Il costo dell’energia viene indicato come uno dei principali problemi per la competitività delle imprese italiane. Se produrre in Italia costa fino a tre o quattro volte più che in Paesi come la Spagna, diventa difficile competere sui mercati internazionali, con il rischio concreto di un processo di deindustrializzazione.
“Entro 20 anni – ah dichiarato orsini – “ci servirà il doppio dell’energia. Non possiamo permetterci di dire no a tutto: no al nucleare, no al gas e no alle rinnovabili. Ho parlato anche di questo tema ieri al Festival dell’Economia di Trento.
L’Italia è già al 27esimo posto in Europa per costo dell’energia e con quello che sta succedendo in Ucraina e in Medio Oriente, i prezzi continueranno a salire. Il costo dell’energia è il primo problema per le nostre imprese.

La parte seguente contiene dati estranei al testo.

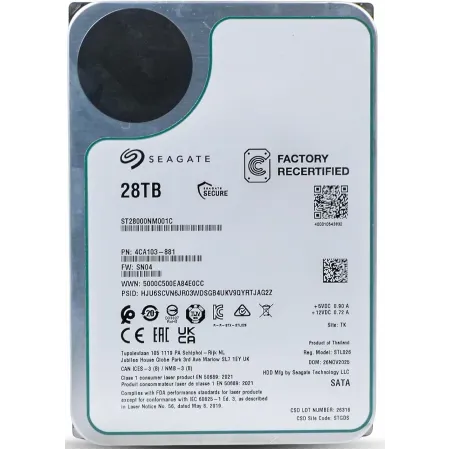 Жесткий диск Seagate SATA-III 28Tb ST28000NM001C Factory Recertified Server Exos 512E (7200rpm) 512Mb 3.5" Жесткий диск Seagate SATA-III 28Tb ST28000NM001C Factory Recertified Server Exos 512E (7200rpm) 512Mb 3.5"
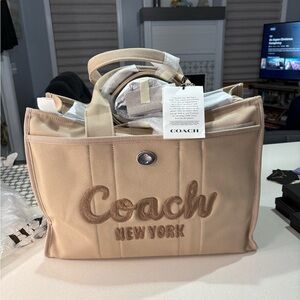 Coach Tan Canvas (aka) Alligator Tote with Embroidered Logo
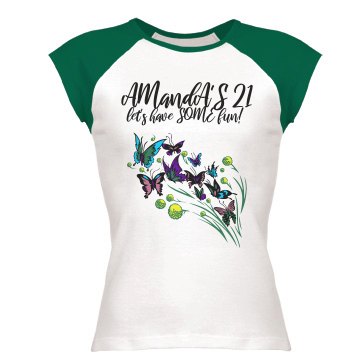 Amanda's 21 Junior Fit Bella 1x1 Rib Cap Sleeve Raglan Tee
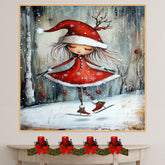 Christmas Witch Ice Skating Print – Whimsical Red Dress & Antler Hat Holiday Art, Winter Fairy Girl Wall Decor, Enchanted Snow Scene for Kids Room or Nursery on Ready to Hang 1.5" Thick Canvas Wrap, Floating Framed Canvas, Flat Rolled Canvas
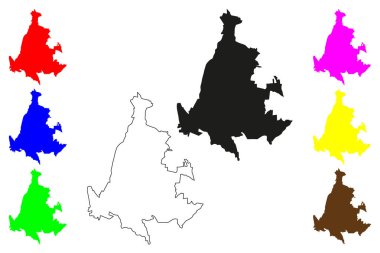 Tulancingo city (United Mexican States, Mexico, Hidalgo State) map vector illustration, scribble sketch Tulancingo de Bravo or Nguhmu map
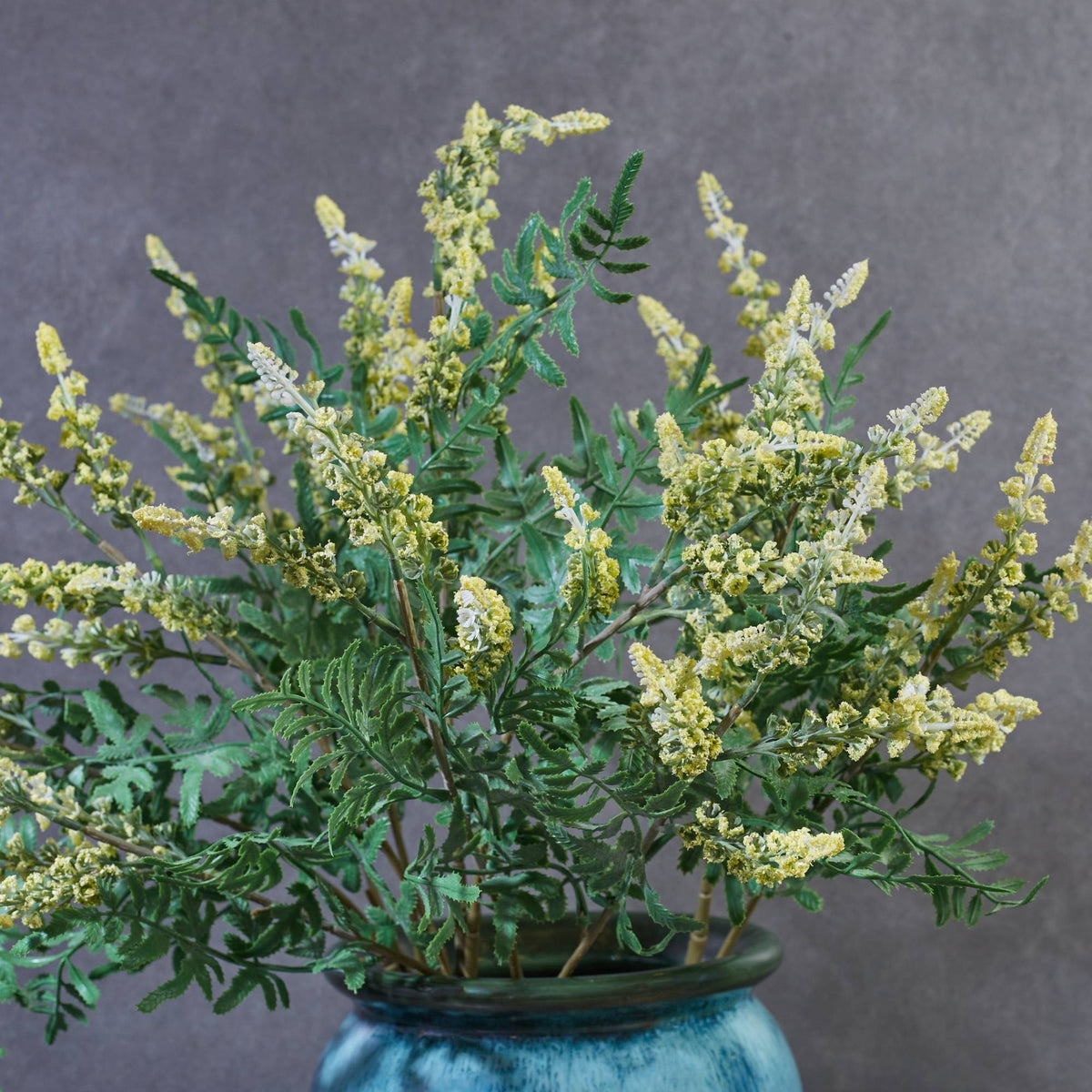 Artificial Foxtail Fern Stem Yellow - Set of 2 – close-up detail view | INARA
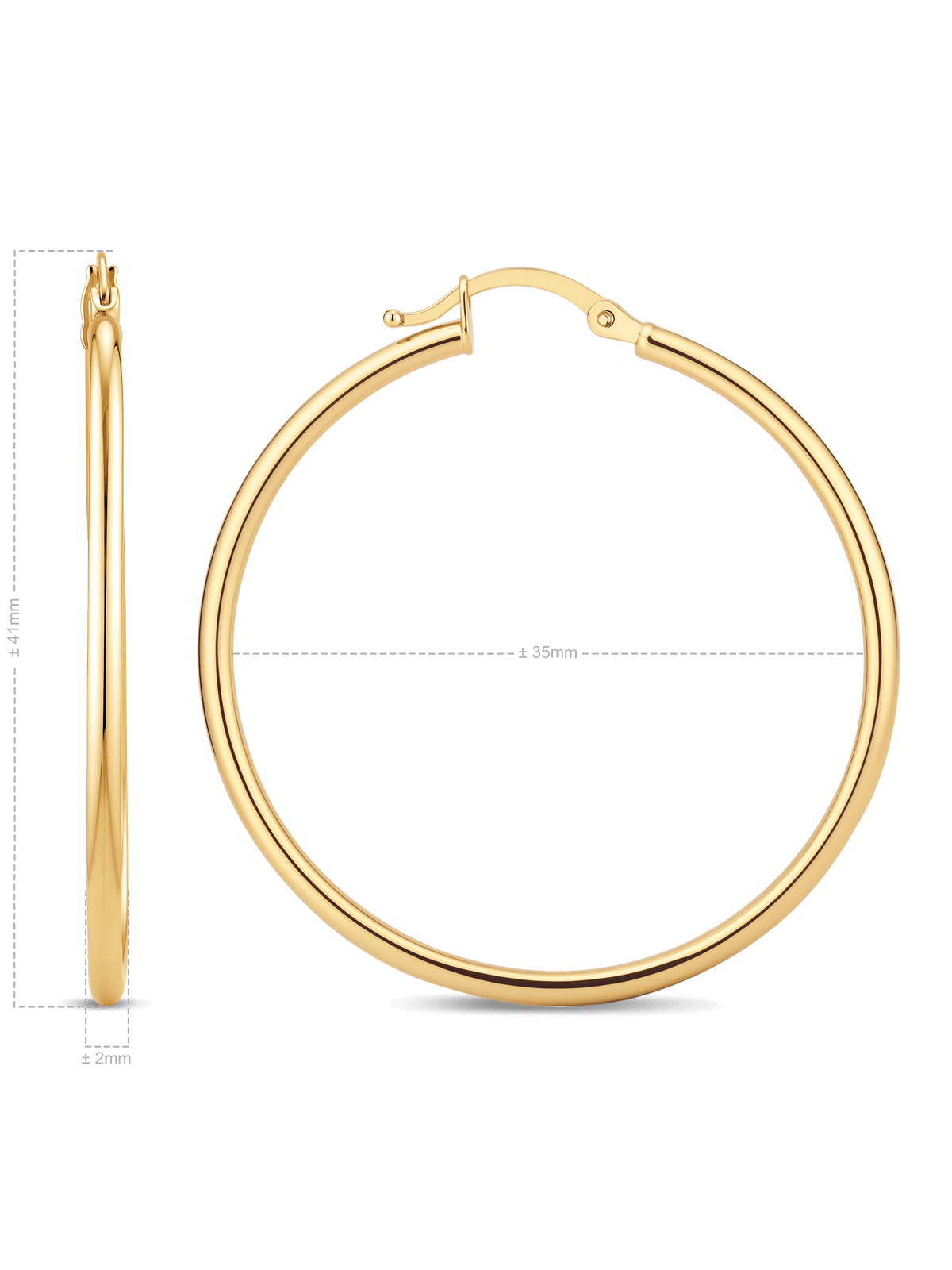 35mm classic hoop earrings in 14K Gold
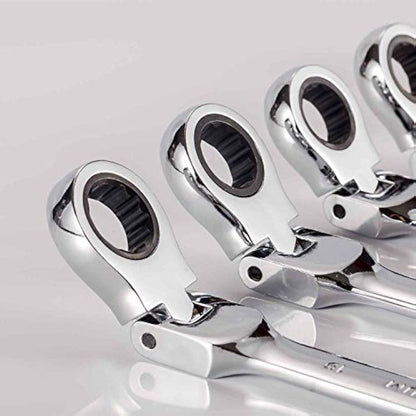 Qnkaa Ratchet Spanner Set 12pcs Metric Flexible Combination Wrench with Gear Ring Open-end Box-end Flex Flexi Head DIY Hand Tools Kit in Roll Bag 8-19mm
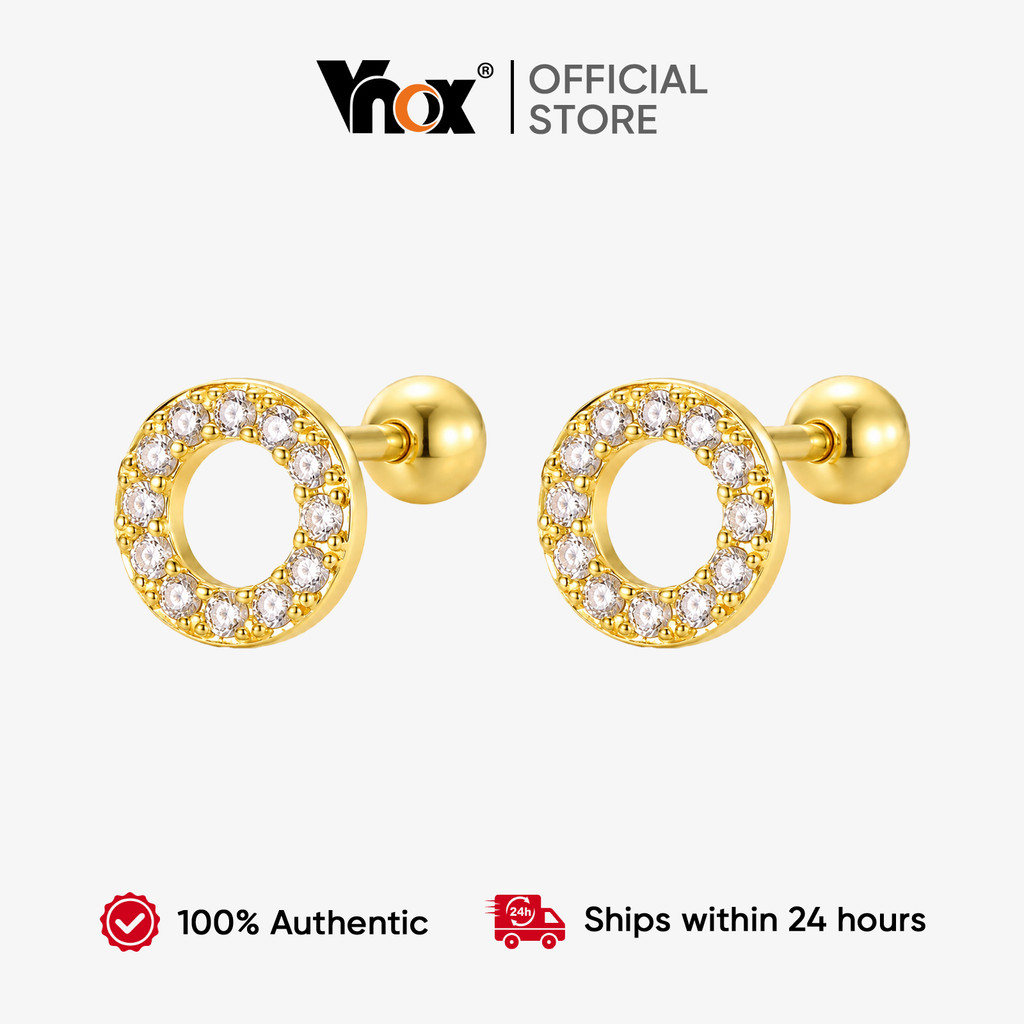 Vnox Gold Tone รอบตัดเพทายสตั๊ดต่างหู,เรียบง่าย Dainty เกลียวหู Studs สําหรับผู้หญิง,ของขวัญที่สมบูรณ์แบบสําหรับทุกวันแล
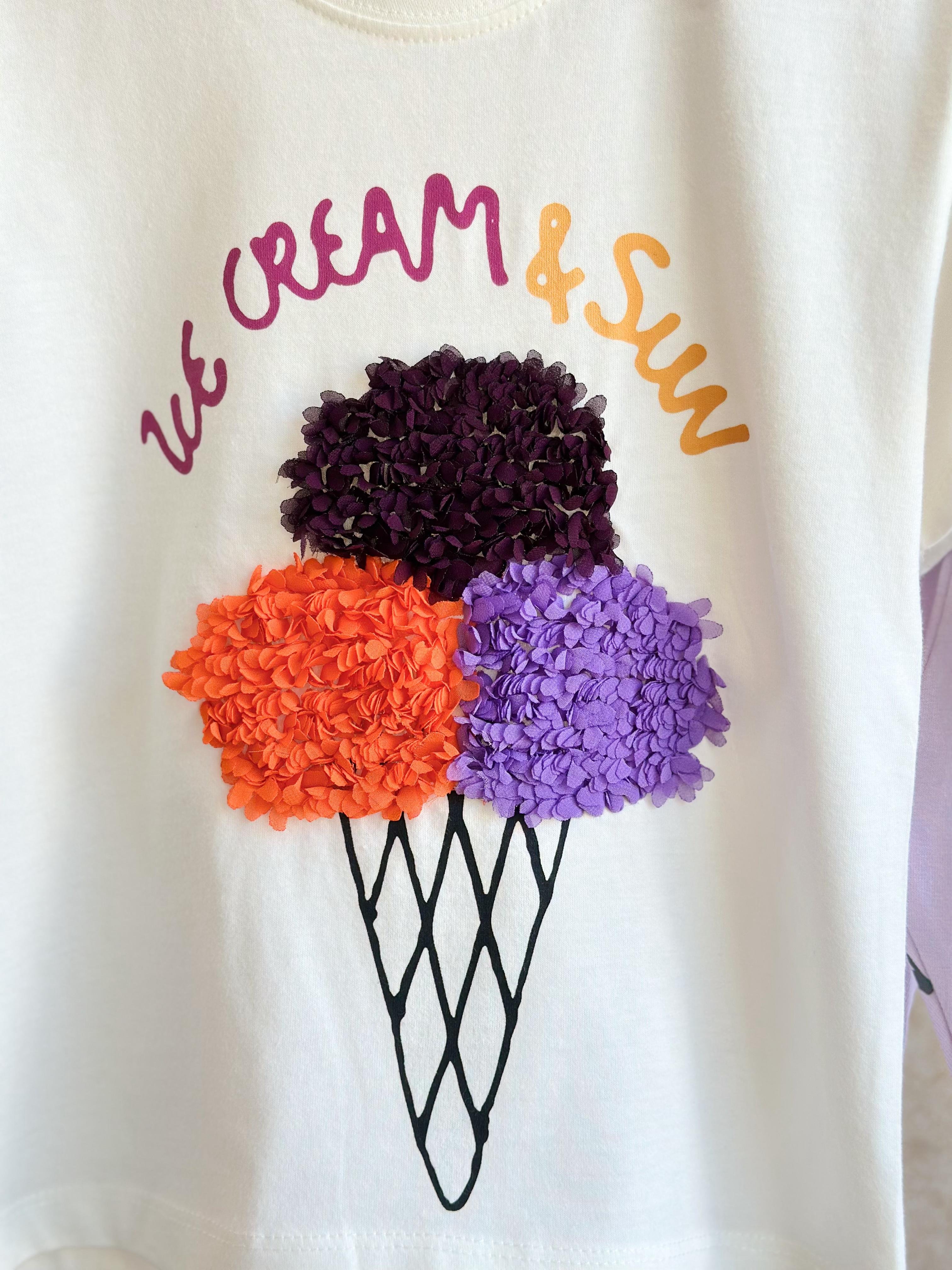 ICE CREAM & SUN Boyutlu T-Shirt ve Tayt Takım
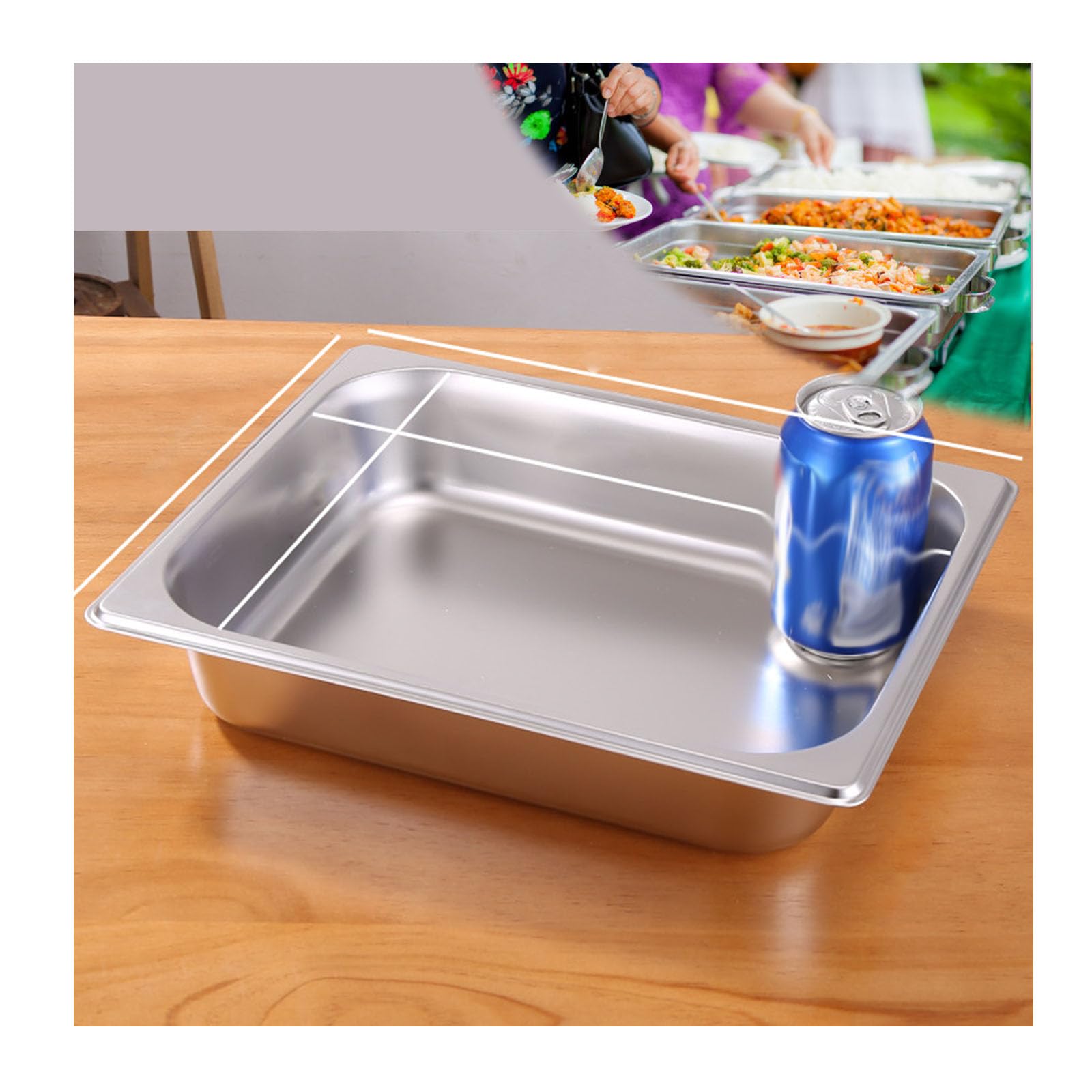 Gastro Behälter Zutatenbehälter,Edelstahl Beilagenbehälter Für Gastro Et Küche,Pizza Zutatenbehälter Mit Deckel,1/2（32.5 * 26.5cm）,6.5cm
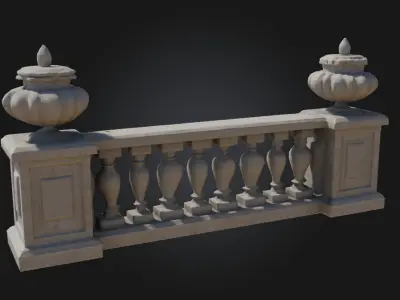 Marble Balustrade Design  Refined Sophistication in Classic Form 3D model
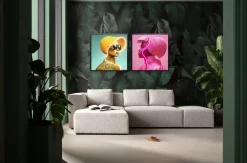 KARE Gerahmtes Bild Sun Hat Woman Gelb LED 80x80cm Hot
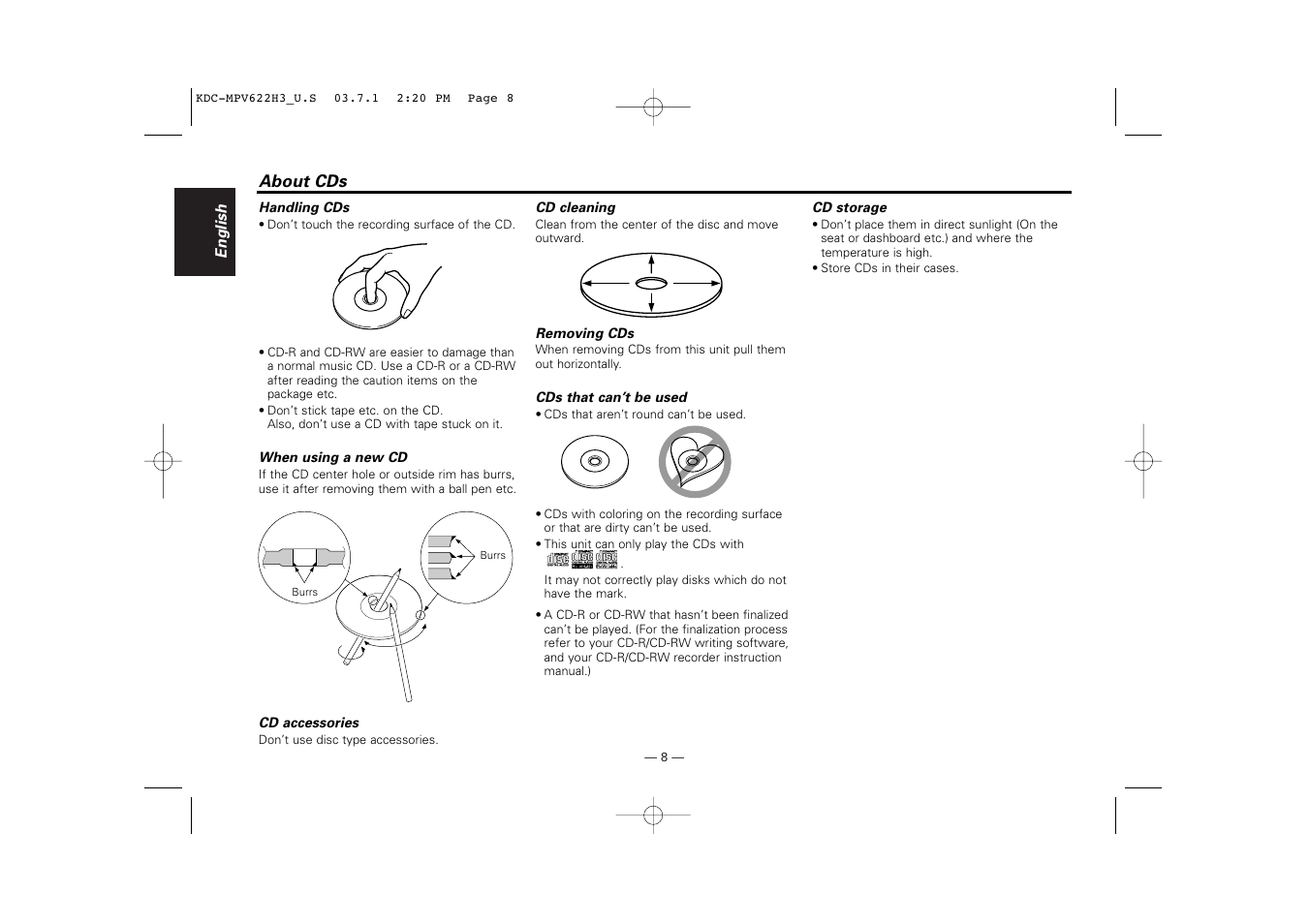 About cds | Kenwood KDC-MPV622H3 User Manual | Page 8 / 32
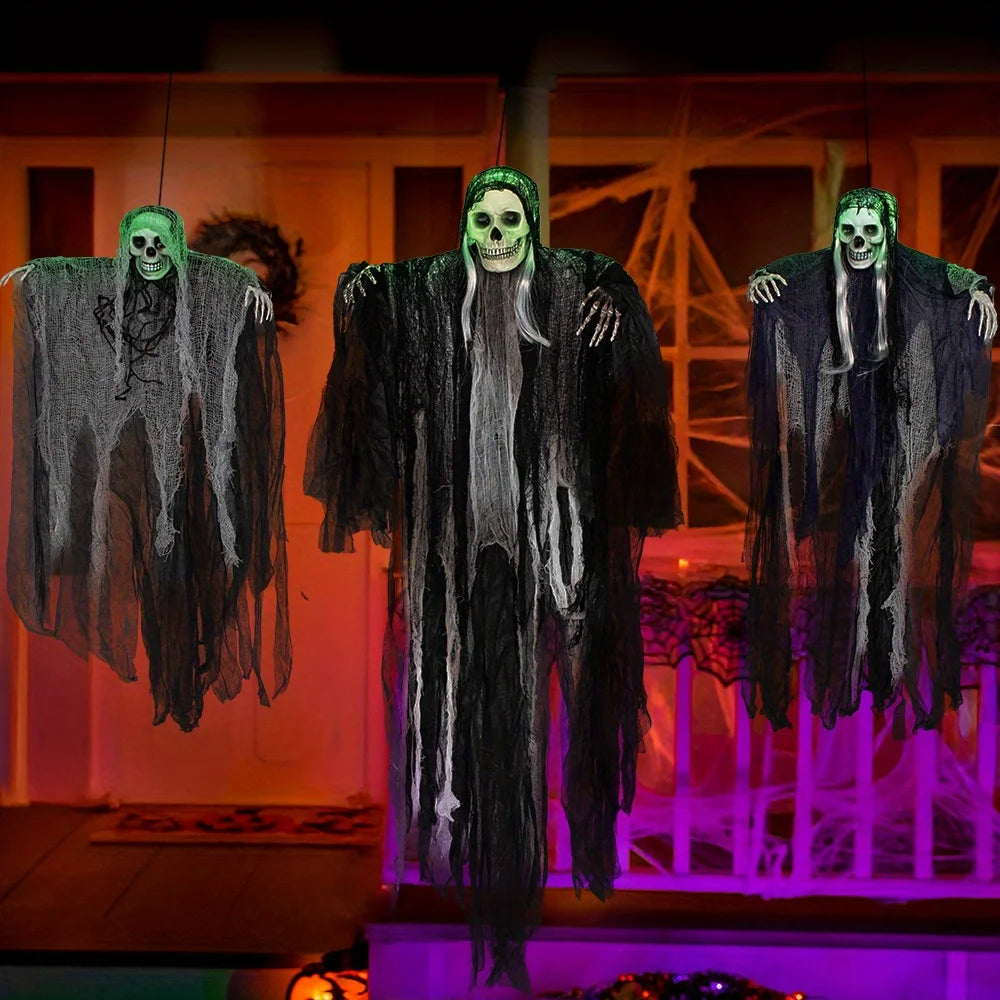 Hanging Grim Reaper Skeleton Ghosts For Halloween Outdoor Decorations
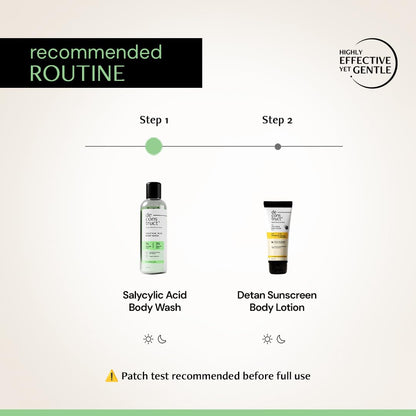 Two skincare products with labels for a recommended routine on a beige background.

Se l’energia ci costa 3 o 4 volte quello che costa in Spagna, per le nostre imprese produrre e competere diventa più difficile – e la conseguenza a cui andiamo incontro è la deindustrializzazione. Serve quindi differenziare le fonti, per cui mi auguro che nessun partito sia contrario alla sperimentazione sul nucleare. Anche sulle rinnovabili è importante andare avanti e sbloccare le oltre 4mila concessioni che sono bloccate nei cassetti.E poi sul gas, è impossibile farne a meno totalmente, perché quel cuscinetto che fa sì che quando non c’è il sole possiamo accendere l’interruttore, ce lo dà solo il gas. É fondamentale fare presto, perché la posta in gioco è altissima e ne va della capacità competitiva dell’intero sistema industriale italiano”.